I know. That doesn’t feel right, right? I triple-checked to make sure I had the stats sorted correctly. Did hitters really not hit the ball as well off Pelfrey as they did against such pitching dignitaries as Ricky Nolasco (.137), Hasashi Iwakuma (.140) or Francisco Liriano (.143) in the second-half of the season, as the aforementioned well-hit statistic suggests?
Several things to mention here:
(1) Because this statistic resides mainly behind paywalls, the well-hit average has not been vetted thoroughly by sabr-minded people. This means studies have not been conducted to determine how the well-hit average fluctuates from year-to-year.
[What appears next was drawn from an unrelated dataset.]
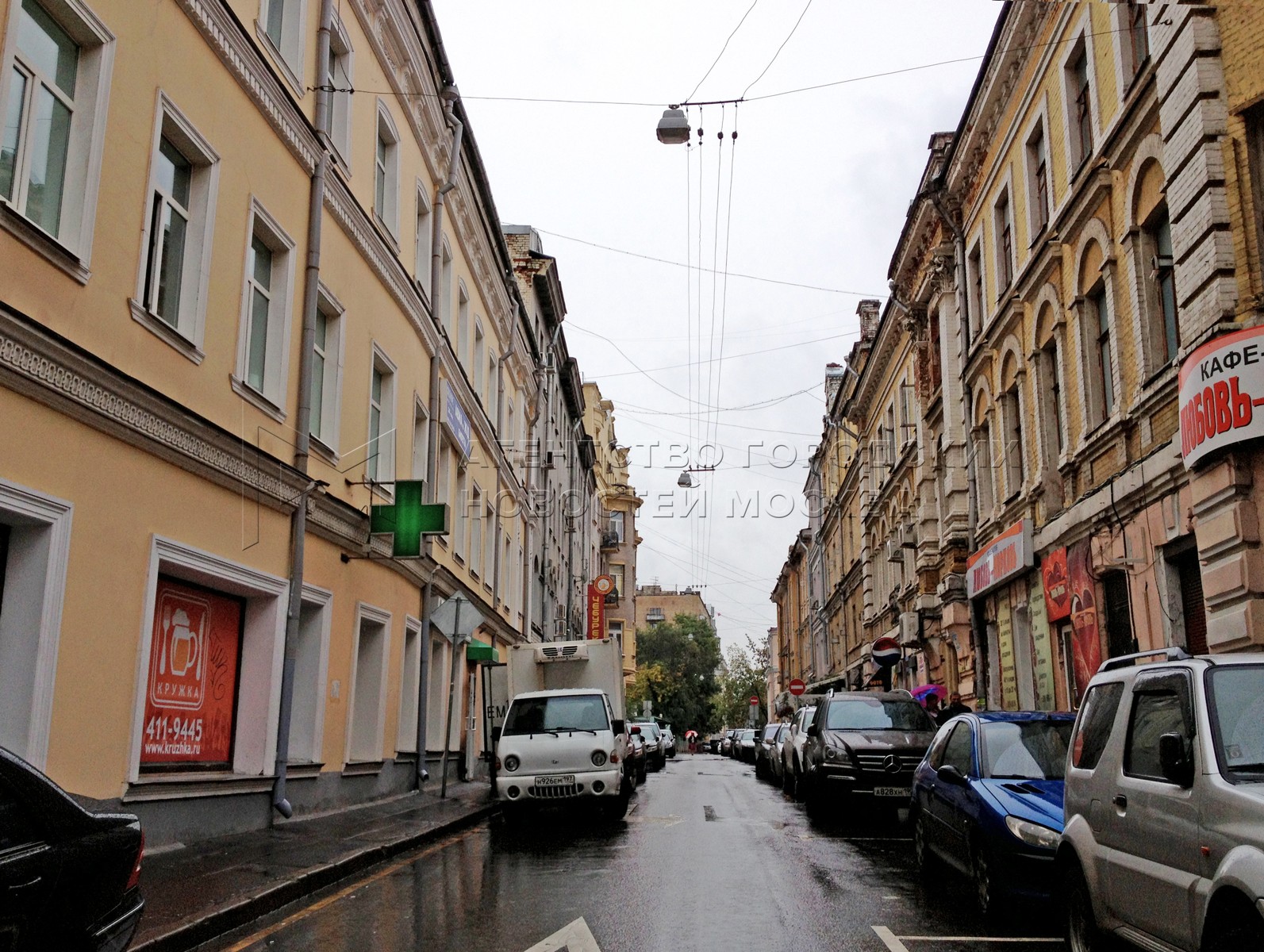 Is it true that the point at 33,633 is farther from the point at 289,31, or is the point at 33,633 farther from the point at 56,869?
the point at 289,31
Is Pelfrey’s second-half decrease a true indication that he was pitching better and that this performance will continue?
(2) Even with the significantly improved well-hit average, the end product was an ugly 1-6 record with a rotund 4.76 ERA and a near .300 batting average in the second-half that contributed to the overall blah year.
(3) Who knows if the Twins have examined him from this perspective. The organization clearly has access to these reports so they should put this into consideration if thinking about r-signing him. If they have broken it down to this level, I would be more accepting of an eventual Mike Pelfrey re-signing.
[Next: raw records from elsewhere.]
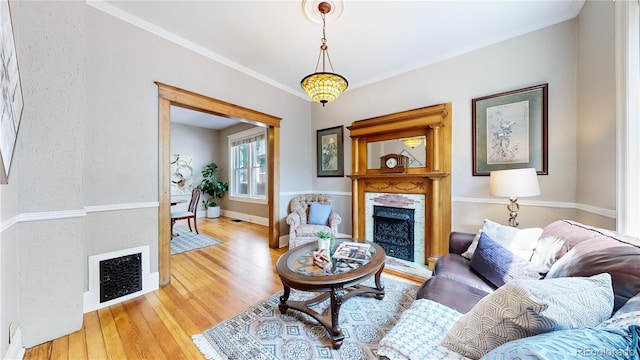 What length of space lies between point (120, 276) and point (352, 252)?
2291mm

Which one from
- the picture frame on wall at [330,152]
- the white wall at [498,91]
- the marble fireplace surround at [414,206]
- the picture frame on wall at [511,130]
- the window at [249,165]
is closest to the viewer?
the white wall at [498,91]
In the end, going through this exercise reassured me that there is some small, faint glimmer of hope that the notion of bringing back Mike Pelfrey is not a completely bonehead move. If he signs for a two-year, $8M per deal similar to the average annual value of Jason Vargas, Pelfrey has proven in the past that he can be a mid-rotation guy (albeit one without the sexy strikeouts) and the second-half numbers could be indications that he will be that again in 2014.
But that’s it, that’s the ceiling: a mid-rotation guy. The Twins rotation and fans need more than that.